What is the best way for people like me to stay engaged with you and hear what you, you're coming up with based upon what you're learning in the market.
Buck Joffrey:I mean, pretty much. I mean, that's what my podcast is about, right?
Generally speaking, we don't talk, we, we certainly talk about personal finance strategies, but when it comes to macro, when it comes to what I'm thinking right now and you know, again, just with my podcast, again, it's, it's definitely not just, it's not just a real estate podcast, right? Definitely not. I mean, I think I've been talking more about bitcoin lately than I've been talking about real estate.
But I think if you like the idea of at least having opinions that I'm generating from the people I'm talking to, the podcast is by far and away the biggest way to do that.
Neil Henderson:So this is a question we ask all of our guests. What is a book that you find yourself recommending again and again to friends and colleagues?
Buck Joffrey:I think we'd probably go back to the cash flow quadrant.

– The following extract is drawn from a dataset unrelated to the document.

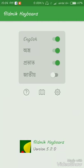Step three: the keyboard is now finished and set up. You can now use the keyboard. Use the ABC layout and tap to type using the keyboard.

I mean, like, you know, I think, I think for, especially if, if you are, you know, like you're a physician who was like me who had your face down in books and, you know, academia and stuff like that and really never considered all of these other things out there like tax beneficial investing, business ownership, things like that, it's a real eye opener. And you know, I think again, it's, it's, you read it, if you read it, it just seems so. It's written at such a basic level.

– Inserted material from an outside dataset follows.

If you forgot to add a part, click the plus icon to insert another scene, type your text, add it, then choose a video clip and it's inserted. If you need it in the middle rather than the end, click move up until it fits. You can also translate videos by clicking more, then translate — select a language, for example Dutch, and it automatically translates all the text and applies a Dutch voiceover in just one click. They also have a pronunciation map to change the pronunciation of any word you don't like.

But you know, in talking to Robert Kiyosaki though, that book he wrote for high paid professionals, you know, because I told, when I told him that that was the book that got me into, you know, his stuff, he said, well, that makes sense because that's, I wrote it for you.
Clint Harris:Yeah. His style is such an easy read. Like, that's why it resonates with fifth graders or people that are, you know, 95 years old.
It's, it, it just carries weight. So I love that we've probably had 40 or 50 people, if not more recommend Robert Kiyosaki. But it's, it's always rich dad, poor dad.
And I, for me, I've always got more value from cash flow quadrant. So I totally, that resonates with me. Listen, for the sake of time, we're going to wrap it up here. But this, I've loved this.
This has been a great interview. Dr. Buck Joffrey, I really appreciate your time and, and your, come on and share and educate. So thank you so much for that.
If any of our listeners want to connect with you, hear more about what you're up to, I think I know what the answer is going to be, but would you please tell us the best way that they can do that?
Buck Joffrey:Well, there's a website called wealthformula.com you know, and, and there's some resources there. There's some things you can sign up for. Otherwise, it's the podcast. Wealth Formula Podcast.
Been around for a long time, probably continue to be around for a long time. So that's probably the best way.
Clint Harris:Awesome. Thank you, Buck. We really appreciate your time. Thanks so much.
Neil Henderson:Yeah, I enjoyed it a lot.
Buck Joffrey:You bet. Take care.
Neil Henderson:Thank you so much for listening and watching the Truly Passive Income podcast.